Cities and counties throughout the state are also preparing.

Shoppers wait in line outside a retail warehouse as people rush to prepare for Tropical Storm Ian, in Kissimmee, Florida, on September 25, 2022.

Officials in Tallahassee, the state’s capital, are working to remove debris and make sure the city’s power lines and stormwater systems are clear. “We’re doing everything we can on the front end of the storm to prepare and secure our infrastructure,” Tallahassee Mayor John Dailey said.

St. Petersburg Mayor Kenneth Welch said his city on Florida’s Gulf Coast is in a vulnerable position. “Even a tropical storm can knock our power grid down for an extended amount of time. We’re educating to be prepared and to plan,” Welch told CNN.

No matter what strength the storm hits the state, Florida is preparing for a dangerous storm surge, Guthrie said, which is when the force of a hurricane or storm pushes ocean water onshore.

“We could see a situation of a Category 4 storm surge and Category 1 or 2 landfall,” Guthrie said.

Officials in Cape Coral, a city in southwest Florida known for its many canals, were particularly concerned about storm surge and winds.

“Right now, of course we are like many other cities, we’re preparing for the worst; hoping for the best,” Cape Coral mayor John Gunter told CNN.

In Hillsborough County, Ian’s approach left the school district with “no choice” but to close all schools as campuses transform into storm shelters, according to Hillsborough County Public Schools.

Bethune-Cookman University in Daytona Beach issued a mandatory evacuation order Saturday and canceled classes Monday due to the approaching storm.

Preparations were also underway in Georgia, where Gov. Brian Kemp ordered the activation of the State Operations Center on Monday “to prepare for any potential impact from Tropical Storm Ian later in the week.”

“Though models suggest it will weaken before making landfall on Thursday, and its ultimate route is still undetermined, Ian could result in severe weather damage for large parts of Georgia,” said a news release from the governor’s office.

Dunion said ocean temperatures are currently extremely warm, including at great depths below the surface, and this means “a lot of fuel to energize the storms.”

“You can get a storm to rapidly intensify pretty quickly and a lot of our models are suggesting we will indeed see that rapid intensification over the next couple of days,” Dunion said.

Ken Graham, assistant administrator for weather services at NOAA, told CNN rainfall is a leading cause of fatalities in strong tropical systems.

“When you close your eyes and think of a hurricane, you think about the wind, but it is the water that really is hurting people and that is what we really need to talk about.

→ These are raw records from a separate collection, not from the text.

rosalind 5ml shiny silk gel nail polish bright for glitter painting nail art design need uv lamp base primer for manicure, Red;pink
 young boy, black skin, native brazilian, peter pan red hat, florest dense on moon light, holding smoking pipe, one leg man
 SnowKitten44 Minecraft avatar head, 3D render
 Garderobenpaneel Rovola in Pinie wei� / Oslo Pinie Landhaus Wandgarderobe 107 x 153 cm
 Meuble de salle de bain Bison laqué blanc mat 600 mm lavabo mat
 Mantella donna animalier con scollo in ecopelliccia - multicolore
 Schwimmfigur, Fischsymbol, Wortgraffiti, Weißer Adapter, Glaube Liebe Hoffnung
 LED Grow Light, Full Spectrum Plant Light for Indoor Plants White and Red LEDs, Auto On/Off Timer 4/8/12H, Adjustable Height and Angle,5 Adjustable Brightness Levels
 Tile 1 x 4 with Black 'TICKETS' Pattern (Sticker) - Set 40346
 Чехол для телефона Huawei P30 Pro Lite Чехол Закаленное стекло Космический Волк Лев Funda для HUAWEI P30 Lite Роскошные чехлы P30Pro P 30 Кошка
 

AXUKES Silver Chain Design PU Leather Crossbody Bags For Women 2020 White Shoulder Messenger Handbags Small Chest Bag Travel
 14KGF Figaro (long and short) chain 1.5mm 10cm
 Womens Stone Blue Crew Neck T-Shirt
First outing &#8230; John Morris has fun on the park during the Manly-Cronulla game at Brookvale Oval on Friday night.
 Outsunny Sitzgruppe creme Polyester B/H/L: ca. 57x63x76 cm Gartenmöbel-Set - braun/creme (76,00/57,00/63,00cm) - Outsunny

And it is increasing with climate change,” Graham said.

Even the storm hits as a Category 2, it can still produce significant storm surge, Graham said. “You can actually have more people impacted by a storm when it expands like that. So people can’t let their guard down, despite the category,” he added.

“So many people judge the current storm with what they have experienced in the past and the reality is every storm is completely different,” Graham said.